**Your goal:** Please return all of the data exactly as written.

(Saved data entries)

.....

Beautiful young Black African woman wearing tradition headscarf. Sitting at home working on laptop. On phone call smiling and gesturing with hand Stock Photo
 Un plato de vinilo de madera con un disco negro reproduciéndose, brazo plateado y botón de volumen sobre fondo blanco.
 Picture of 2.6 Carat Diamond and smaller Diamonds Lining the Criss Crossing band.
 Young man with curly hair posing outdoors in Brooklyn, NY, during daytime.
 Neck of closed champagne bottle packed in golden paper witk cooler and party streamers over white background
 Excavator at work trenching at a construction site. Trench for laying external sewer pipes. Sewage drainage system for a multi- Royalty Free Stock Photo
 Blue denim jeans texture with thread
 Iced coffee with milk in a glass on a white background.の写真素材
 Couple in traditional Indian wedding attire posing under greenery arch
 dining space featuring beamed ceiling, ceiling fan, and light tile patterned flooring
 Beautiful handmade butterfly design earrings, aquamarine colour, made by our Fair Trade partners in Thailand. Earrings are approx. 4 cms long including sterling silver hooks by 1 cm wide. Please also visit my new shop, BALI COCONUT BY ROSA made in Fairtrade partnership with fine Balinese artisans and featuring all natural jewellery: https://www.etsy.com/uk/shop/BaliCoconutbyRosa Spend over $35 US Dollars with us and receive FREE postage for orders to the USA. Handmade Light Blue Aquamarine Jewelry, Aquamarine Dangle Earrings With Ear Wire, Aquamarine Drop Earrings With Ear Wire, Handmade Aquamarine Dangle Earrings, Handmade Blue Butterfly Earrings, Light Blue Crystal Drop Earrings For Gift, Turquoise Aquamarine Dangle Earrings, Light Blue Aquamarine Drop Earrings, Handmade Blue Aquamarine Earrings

.....

**Solution to the exercise:**
Beautiful young Black African woman wearing tradition headscarf. Sitting at home working on laptop. On phone call smiling and gesturing with hand Stock Photo
 Un plato de vinilo de madera con un disco negro reproduciéndose, brazo plateado y botón de volumen sobre fondo blanco.
 Picture of 2.6 Carat Diamond and smaller Diamonds Lining the Criss Crossing band.
 Young man with curly hair posing outdoors in Brooklyn, NY, during daytime.
 Neck of closed champagne bottle packed in golden paper witk cooler and party streamers over white background
 Excavator at work trenching at a construction site. Trench for laying external sewer pipes. Sewage drainage system for a multi- Royalty Free Stock Photo
 Blue denim jeans texture with thread
 Iced coffee with milk in a glass on a white background.の写真素材
 Couple in traditional Indian wedding attire posing under greenery arch
 dining space featuring beamed ceiling, ceiling fan, and light tile patterned flooring
 Beautiful handmade butterfly design earrings, aquamarine colour, made by our Fair Trade partners in Thailand. Earrings are approx. 4 cms long including sterling silver hooks by 1 cm wide. Please also visit my new shop, BALI COCONUT BY ROSA made in Fairtrade partnership with fine Balinese artisans and featuring all natural jewellery: https://www.etsy.com/uk/shop/BaliCoconutbyRosa Spend over $35 US Dollars with us and receive FREE postage for orders to the USA. Handmade Light Blue Aquamarine Jewelry, Aquamarine Dangle Earrings With Ear Wire, Aquamarine Drop Earrings With Ear Wire, Handmade Aquamarine Dangle Earrings, Handmade Blue Butterfly Earrings, Light Blue Crystal Drop Earrings For Gift, Turquoise Aquamarine Dangle Earrings, Light Blue Aquamarine Drop Earrings, Handmade Blue Aquamarine Earrings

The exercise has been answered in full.